NEW YORK (Nov. 3)
A broad preview of the forthcoming World Zionist Congress, to be convened at Jerusalem on December 27, was given here today by Dr. Nahum Goldmann, president of the World Zionist Organization. The 25th Congress, Dr. Goldmann said, will run until January 10. The Presidential report will open the Congress, to be followed, on the second day of sessions, with an address by Israel’s Prime Minister David Ben-Gurion. General debate will revolve around the general topic of “Zionism in our time.”
In the second part of the general debate, Dr. Goldmann said, Dr. Jov Joseph, treasurer of the Jewish Agency, will report on the concrete accomplishments achieved during Israel’s almost 13 years of statehood, while the Israeli plans for the next four years will be discussed by Israel’s Finance Minister Levi Eshkol.
Concurrently with the World Zionist Congress, Dr. Goldmann said, there will be a meeting of the administrative committee of the World Jewish Congress, an international conference of Jewish journalists, and a meeting of the Conference of Jewish Organizations, which will deal with the future of the conference and on when and where to hold a projected international conclave an Jewish education.
AGENCY-GOVERNMENT COORDINATING GROUP TO MEET MORE REGULARLY
Discussing the development of cooperation between the World Zionist Organization, through the Jewish Agency, with the Government of Israel, Dr. Goldmann said that the Jewish Agency-Israel Government coordinating committee will hereafter meet regularly every two months, instead of on the present ad hoc basis.
It is now also a formal Israel Government policy, he said, that all Israel diplomats are to remain in permanent contact with Zionist organizations of the countries to which they are assigned, and it is incumbent on visiting Israel Government officials to work with local Zionist organizations in contacts with local Jewish communities, to assure maximum benefits to the local community and Zionist movement from their visits.

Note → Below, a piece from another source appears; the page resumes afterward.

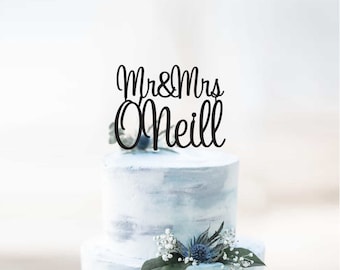 Personalised Mr&Mrs Surname Wedding Cake Topper | Scripted Name Cake Topper Decoration | EXPRESS SHIPPING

In discussing the Zionist Congress, Dr. Goldmann said that the Latin American Jewish communities would have 100 percent representation as associate or fraternal participants. Almost all European countries also will be represented, he said, with the exception of Belgium, which has no representative Jewish body, and Holland, where the Zionist Federation is strongly opposed to the whole idea of broadening the base of the World Zionist Organization by admitting non-Zionists.
He reported that the situation was “most difficult” in the United States. He said the American Jewish Congress, the New York Board of Rabbis and the Rabbinical Assembly of America had accepted invitations. Negotiations were continuing with other American non-Zionist groups, he said, adding that reports of acceptance by Young Israel had been premature.